(About this task)
Each line from the beginning of the entries below through the line that includes "DISCO FLAP PARA" must be returned exactly as given.

(Records from a collection)
■ ■ ■

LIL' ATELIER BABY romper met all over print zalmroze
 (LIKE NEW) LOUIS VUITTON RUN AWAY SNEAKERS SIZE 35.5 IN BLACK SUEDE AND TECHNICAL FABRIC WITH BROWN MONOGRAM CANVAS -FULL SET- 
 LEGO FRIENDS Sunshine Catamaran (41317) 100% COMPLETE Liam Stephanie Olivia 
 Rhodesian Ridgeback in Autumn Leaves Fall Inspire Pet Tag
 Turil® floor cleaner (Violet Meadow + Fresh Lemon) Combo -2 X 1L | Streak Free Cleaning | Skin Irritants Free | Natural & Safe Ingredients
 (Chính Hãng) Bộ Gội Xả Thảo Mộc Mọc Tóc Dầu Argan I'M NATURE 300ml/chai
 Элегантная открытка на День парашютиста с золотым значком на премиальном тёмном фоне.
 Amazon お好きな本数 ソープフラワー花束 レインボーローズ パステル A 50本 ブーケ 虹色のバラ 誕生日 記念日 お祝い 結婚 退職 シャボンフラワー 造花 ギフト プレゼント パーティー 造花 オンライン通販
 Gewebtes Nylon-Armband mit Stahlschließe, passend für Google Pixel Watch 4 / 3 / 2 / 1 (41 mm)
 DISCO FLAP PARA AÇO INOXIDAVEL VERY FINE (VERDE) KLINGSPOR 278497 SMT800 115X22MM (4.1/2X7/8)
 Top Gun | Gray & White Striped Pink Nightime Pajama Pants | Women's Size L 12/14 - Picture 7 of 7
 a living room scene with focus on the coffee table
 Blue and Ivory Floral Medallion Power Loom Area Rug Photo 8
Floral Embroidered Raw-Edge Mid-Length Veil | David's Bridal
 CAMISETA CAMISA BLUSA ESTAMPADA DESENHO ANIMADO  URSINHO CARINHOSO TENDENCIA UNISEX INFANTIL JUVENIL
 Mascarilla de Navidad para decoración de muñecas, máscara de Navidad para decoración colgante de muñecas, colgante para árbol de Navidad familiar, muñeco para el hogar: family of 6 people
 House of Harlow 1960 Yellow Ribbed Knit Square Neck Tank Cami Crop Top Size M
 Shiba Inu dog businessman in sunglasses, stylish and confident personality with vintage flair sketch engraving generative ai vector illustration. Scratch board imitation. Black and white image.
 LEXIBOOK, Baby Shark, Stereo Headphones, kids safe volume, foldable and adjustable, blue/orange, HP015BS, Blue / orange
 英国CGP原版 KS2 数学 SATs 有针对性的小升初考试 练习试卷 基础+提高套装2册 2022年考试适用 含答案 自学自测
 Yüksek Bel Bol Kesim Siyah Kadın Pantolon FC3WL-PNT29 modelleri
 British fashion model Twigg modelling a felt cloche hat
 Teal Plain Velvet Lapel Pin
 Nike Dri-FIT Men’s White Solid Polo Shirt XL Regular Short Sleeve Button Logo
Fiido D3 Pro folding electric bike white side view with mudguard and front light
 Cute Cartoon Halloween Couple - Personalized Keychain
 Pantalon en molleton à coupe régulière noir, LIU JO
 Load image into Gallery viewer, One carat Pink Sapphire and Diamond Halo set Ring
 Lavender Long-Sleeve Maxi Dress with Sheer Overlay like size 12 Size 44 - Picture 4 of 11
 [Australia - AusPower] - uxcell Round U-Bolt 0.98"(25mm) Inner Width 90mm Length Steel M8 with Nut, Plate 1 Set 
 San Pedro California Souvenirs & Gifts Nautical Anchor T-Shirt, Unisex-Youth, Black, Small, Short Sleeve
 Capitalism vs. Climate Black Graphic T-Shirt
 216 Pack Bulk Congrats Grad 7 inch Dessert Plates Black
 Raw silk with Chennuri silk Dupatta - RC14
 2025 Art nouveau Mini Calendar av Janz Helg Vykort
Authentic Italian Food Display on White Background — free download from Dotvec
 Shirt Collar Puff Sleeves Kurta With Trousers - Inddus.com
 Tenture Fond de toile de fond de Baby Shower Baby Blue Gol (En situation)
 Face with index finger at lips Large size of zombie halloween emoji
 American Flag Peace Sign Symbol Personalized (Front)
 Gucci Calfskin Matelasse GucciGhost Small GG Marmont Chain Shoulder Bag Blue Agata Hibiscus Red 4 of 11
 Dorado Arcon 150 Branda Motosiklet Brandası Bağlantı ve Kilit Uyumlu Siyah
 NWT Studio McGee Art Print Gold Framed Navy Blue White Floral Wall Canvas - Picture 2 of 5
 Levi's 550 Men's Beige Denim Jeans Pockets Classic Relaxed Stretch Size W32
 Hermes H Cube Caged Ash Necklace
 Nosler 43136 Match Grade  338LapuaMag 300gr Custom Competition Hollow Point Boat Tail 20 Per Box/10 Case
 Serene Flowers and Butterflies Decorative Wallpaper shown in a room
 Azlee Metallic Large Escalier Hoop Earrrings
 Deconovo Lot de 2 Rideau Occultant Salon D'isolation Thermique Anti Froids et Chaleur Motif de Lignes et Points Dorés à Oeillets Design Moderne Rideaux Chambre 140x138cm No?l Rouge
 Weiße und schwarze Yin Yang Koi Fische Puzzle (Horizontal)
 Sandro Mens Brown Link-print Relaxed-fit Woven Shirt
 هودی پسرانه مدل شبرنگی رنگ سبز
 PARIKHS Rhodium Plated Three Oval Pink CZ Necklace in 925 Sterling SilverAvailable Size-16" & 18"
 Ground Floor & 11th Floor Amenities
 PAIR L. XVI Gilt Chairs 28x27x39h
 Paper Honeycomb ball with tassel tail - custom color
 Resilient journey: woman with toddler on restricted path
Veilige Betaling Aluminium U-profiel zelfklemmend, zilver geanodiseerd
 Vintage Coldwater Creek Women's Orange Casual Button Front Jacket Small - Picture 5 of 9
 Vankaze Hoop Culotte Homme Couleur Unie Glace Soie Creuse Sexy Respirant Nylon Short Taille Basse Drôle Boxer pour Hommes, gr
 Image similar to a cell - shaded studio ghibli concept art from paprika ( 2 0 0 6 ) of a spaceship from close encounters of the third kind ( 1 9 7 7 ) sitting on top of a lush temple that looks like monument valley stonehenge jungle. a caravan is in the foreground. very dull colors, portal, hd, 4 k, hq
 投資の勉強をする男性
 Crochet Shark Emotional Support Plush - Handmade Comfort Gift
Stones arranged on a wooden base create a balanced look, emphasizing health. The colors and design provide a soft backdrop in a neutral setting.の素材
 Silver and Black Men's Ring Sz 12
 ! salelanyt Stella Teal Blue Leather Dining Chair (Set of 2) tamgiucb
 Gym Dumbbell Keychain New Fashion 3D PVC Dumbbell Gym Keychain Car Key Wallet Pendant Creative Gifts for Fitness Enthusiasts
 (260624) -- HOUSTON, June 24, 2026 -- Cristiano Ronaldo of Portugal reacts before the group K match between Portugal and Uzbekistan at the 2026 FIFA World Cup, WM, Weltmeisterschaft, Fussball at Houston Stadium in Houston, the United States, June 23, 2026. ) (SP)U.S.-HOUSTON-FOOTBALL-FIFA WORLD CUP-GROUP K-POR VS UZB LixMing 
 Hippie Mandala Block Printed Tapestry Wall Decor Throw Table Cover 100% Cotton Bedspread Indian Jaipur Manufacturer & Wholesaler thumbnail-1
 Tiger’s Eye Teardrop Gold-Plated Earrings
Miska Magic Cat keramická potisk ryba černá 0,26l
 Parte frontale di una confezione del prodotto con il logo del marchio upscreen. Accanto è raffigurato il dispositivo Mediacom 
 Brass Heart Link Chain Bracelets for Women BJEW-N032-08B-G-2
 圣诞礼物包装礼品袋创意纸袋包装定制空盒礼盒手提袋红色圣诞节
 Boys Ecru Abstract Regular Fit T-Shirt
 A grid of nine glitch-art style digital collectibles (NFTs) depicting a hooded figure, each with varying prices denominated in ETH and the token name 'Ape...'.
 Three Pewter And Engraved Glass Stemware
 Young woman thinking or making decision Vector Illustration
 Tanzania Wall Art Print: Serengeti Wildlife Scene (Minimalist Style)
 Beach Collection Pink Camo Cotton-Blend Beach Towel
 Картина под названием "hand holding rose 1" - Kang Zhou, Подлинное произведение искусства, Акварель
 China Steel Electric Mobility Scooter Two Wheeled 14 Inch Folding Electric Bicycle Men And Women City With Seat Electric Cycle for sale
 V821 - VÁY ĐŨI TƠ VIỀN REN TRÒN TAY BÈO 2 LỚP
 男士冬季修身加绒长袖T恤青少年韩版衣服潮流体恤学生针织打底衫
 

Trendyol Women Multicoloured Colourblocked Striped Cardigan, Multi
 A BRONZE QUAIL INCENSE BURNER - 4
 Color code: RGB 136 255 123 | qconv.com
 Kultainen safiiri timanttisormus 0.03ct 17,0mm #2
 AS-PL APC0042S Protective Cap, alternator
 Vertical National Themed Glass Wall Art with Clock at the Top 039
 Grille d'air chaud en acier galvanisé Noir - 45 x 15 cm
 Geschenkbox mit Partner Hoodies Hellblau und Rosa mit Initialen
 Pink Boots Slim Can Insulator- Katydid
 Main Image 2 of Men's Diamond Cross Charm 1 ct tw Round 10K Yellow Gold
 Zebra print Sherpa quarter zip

■ ■ ■

(Written solution)
LIL' ATELIER BABY romper met all over print zalmroze
 (LIKE NEW) LOUIS VUITTON RUN AWAY SNEAKERS SIZE 35.5 IN BLACK SUEDE AND TECHNICAL FABRIC WITH BROWN MONOGRAM CANVAS -FULL SET- 
 LEGO FRIENDS Sunshine Catamaran (41317) 100% COMPLETE Liam Stephanie Olivia 
 Rhodesian Ridgeback in Autumn Leaves Fall Inspire Pet Tag
 Turil® floor cleaner (Violet Meadow + Fresh Lemon) Combo -2 X 1L | Streak Free Cleaning | Skin Irritants Free | Natural & Safe Ingredients
 (Chính Hãng) Bộ Gội Xả Thảo Mộc Mọc Tóc Dầu Argan I'M NATURE 300ml/chai
 Элегантная открытка на День парашютиста с золотым значком на премиальном тёмном фоне.
 Amazon お好きな本数 ソープフラワー花束 レインボーローズ パステル A 50本 ブーケ 虹色のバラ 誕生日 記念日 お祝い 結婚 退職 シャボンフラワー 造花 ギフト プレゼント パーティー 造花 オンライン通販
 Gewebtes Nylon-Armband mit Stahlschließe, passend für Google Pixel Watch 4 / 3 / 2 / 1 (41 mm)
 DISCO FLAP PARA AÇO INOXIDAVEL VERY FINE (VERDE) KLINGSPOR 278497 SMT800 115X22MM (4.1/2X7/8)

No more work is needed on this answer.